### ABOUT THIS EXERCISE:
Look below for the lines from the one with "Store romain décoratif dans la salle de bain" to the one with "LAGOS MAYA BLUE", and copy exactly those lines, both ends included.

### MATERIAL SHOWN:

BEGIN

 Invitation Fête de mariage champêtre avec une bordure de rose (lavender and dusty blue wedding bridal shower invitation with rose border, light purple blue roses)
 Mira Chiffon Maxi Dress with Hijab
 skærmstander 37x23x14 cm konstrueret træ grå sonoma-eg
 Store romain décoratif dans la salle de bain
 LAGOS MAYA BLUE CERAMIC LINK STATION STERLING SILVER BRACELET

END
BEGIN

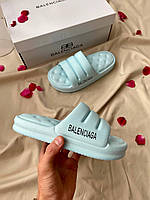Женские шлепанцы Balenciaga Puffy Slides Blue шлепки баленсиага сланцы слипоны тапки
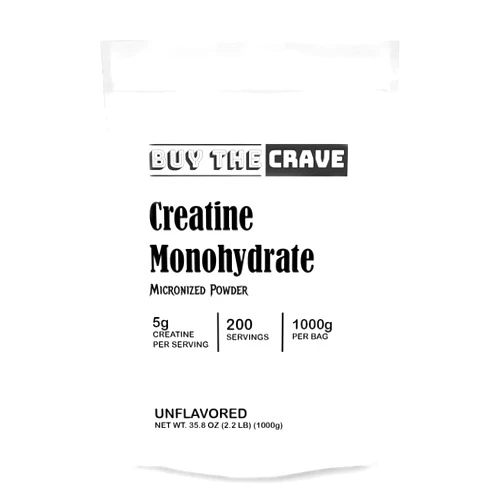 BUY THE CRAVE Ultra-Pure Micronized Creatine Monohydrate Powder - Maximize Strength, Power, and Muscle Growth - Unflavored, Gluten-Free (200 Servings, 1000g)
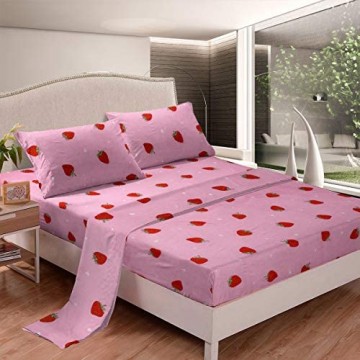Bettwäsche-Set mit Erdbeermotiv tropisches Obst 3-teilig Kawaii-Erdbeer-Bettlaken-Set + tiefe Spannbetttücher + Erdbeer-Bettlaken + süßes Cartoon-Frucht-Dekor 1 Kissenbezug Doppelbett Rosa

END

### PROBLEM SOLUTION:
 Store romain décoratif dans la salle de bain
 LAGOS MAYA BLUE CERAMIC LINK STATION STERLING SILVER BRACELET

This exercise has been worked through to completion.